AFP Chairman Fabrice Fries said the agency “stands in solidarity with all the media whose offices were destroyed in Gaza” and called on all parties “to respect the media’s freedom to report on events”.
The UN Security Council was due to meet at 1400 GMT Sunday.
Israel ally Washington, which had blocked a UNSC meeting scheduled for Friday, has been criticised for not doing enough to stem the bloodshed.
US President Joe Biden again underscored Israel’s right to defend itself in a phone call with Israeli Prime Minister Benjamin Netanyahu.
Biden also expressed his “grave concern” over the violence as well as for the safety of journalists.
Earlier Saturday, Biden also spoke to Palestinian president Mahmud Abbas in their first call since the US president took office.
US Secretary for Israel-Palestinian Affairs Hady Amr was to hold talks Sunday with Israeli leaders before meeting Palestinian officials to seek a “sustainable calm”, the State Department said.
In a televised statement late Saturday, Netanyahu thanked Biden for “unequivocal support”.
European Union foreign ministers are to discuss the crisis on Tuesday, with German Foreign Minister Heiko Maas on Sunday calling the situation “highly explosive” and pleading for “an end to the violence”.

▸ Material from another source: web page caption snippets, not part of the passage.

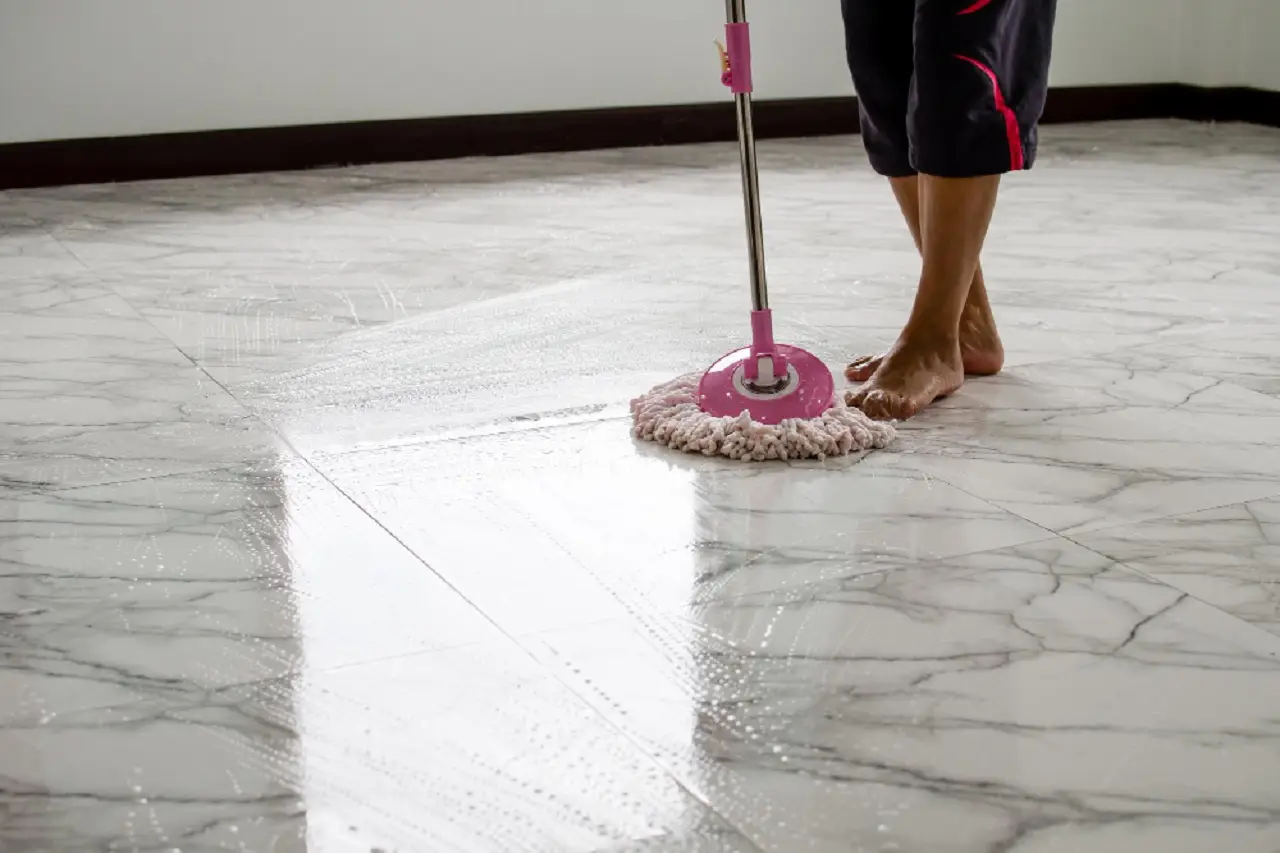Ecco il metodo per lavare il pavimento dopo una ristrutturazione e eliminare i residui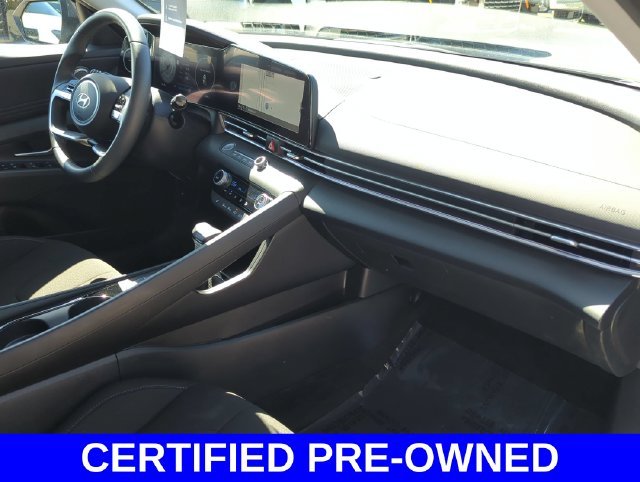 2025 Hyundai Elantra SEL - Photo 31
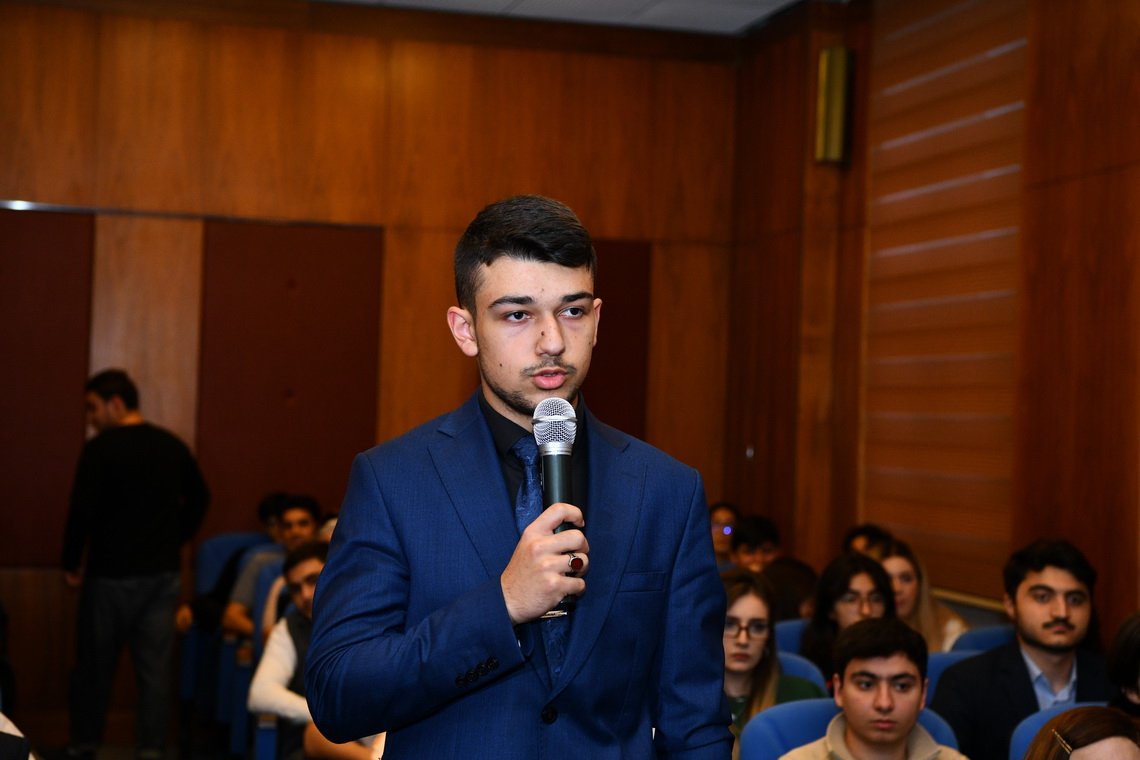 Heydər Əliyev Məktəbi ADNSU-da ictimai xadimləri bir araya gətirir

In Gaza, the grieving father Hadidi said he had lost most of his family in a strike on a three-storey building in the Shati refugee camp that killed 10 relatives — two mothers and their four children each.
“They are striking our children — children — without prior warning,” said the devastated father, whose five-month-old baby was wounded in the explosion.
Palestinian militants responded with volleys of rockets into Israel, killing a man on the outskirts of commercial capital Tel Aviv, police and medics said.
The escalating conflict was sparked by unrest in Jerusalem that had simmered for weeks and led to clashes between riot police and Palestinians, fuelled by anger over planned Israeli expulsions of Palestinians in the Sheikh Jarrah neighbourhood of east Jerusalem.
Major clashes broke out at the Al-Aqsa mosque compound — Islam’s third-holiest site — on May 7 following a crackdown against protests.